Et voici comment une évaluation purement politique des commissaires, déconnectée du service à rendre au citoyen contribuable, déstabilise toute une société: les racailles sont impunies parce qu’elles font peur, les gens honnêtes sont mis sous surveillance parce qu’ils ne constituent pas une menace.
Les langues commencent à se délier dans la police
Cette logique de répression des gens honnêtes et d’impunité pour les voyous est très bien décrite par un policier sur les antennes de RMC:
« On nous demande d’aller dans les cités avec parcimonie, de ne pas effectuer trop de contrôles et de ne pas bousculer l’économie souterraine des cités, alors que par contre on nous demande d’aller au carrefour pour verbaliser monsieur tout-le-monde qui va au travail pour gonfler les chiffres et faire en sorte que les carrières de nos chers patrons montent en flèche »

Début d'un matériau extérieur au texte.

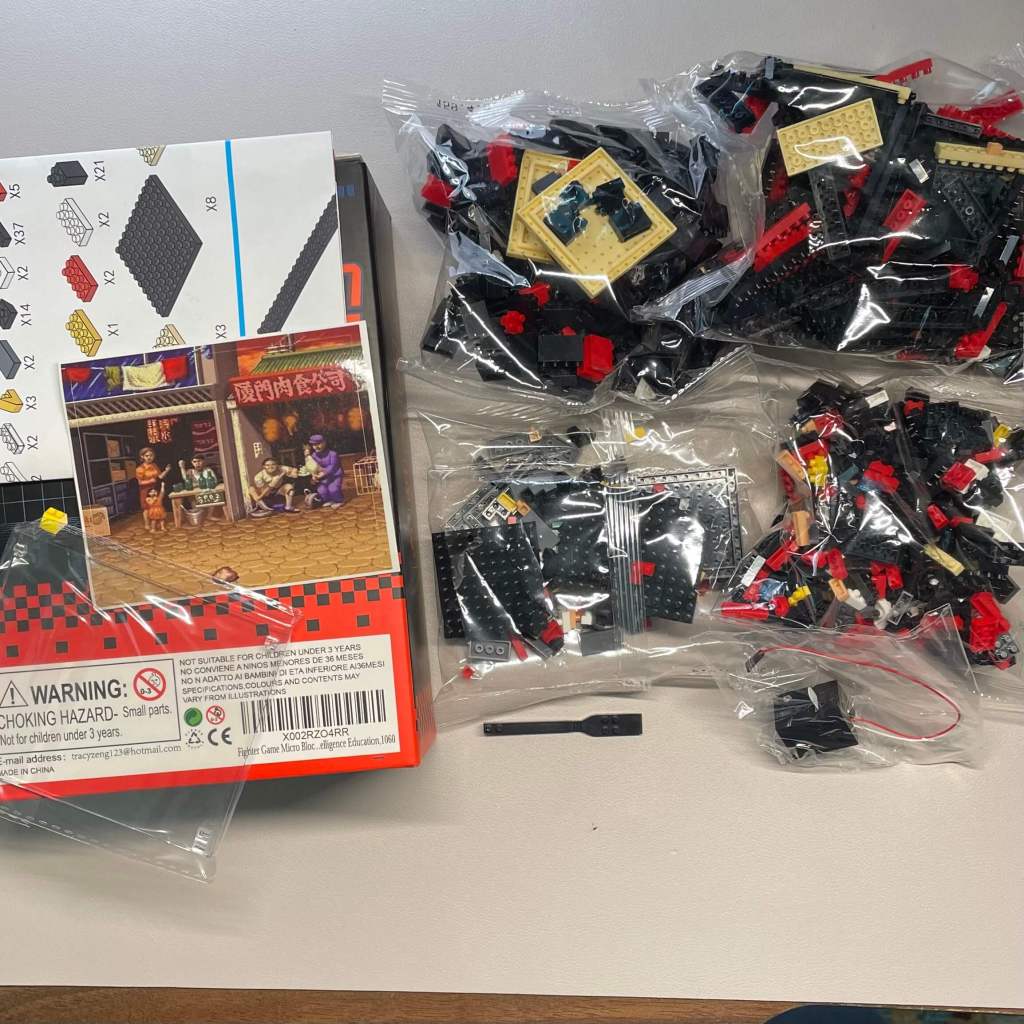 Unboxing the micro block arcade cabinet set reveals four bags containing various bricks, two clear panes, a brick separator, a light piece, a sticker, and a double-sided instruction sheet.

Tout est dit, et ce policier met enfin des mots sur une vérité que tous les Français du tiers-état vivent au jour le jour: il est plus facile de verbaliser un passant ordinaire qu’un voyou qui défie la loi. Donc, il existe, en France, une prime à la malhonnêteté, sauf dans les beaux quartiers qui sont quadrillés par des sureffectifs policiers.
Le prix à payer pour le Vivre Ensemble
On ne remerciera jamais assez ce policier d’avoir décrit, en ombre chinoise, ce qu’est la réalité du Vivre Ensemble pour la grande majorité des Français, exposés à ses conséquences quotidiennes. Dans les quartiers difficiles, il existe des zones de non-droit où la police n’agit plus, n’intervient plus, où elle laisse les voyous prendre possession du territoire. Ce sont eux qui y font la loi. La hiérarchie policière y craint les bavures.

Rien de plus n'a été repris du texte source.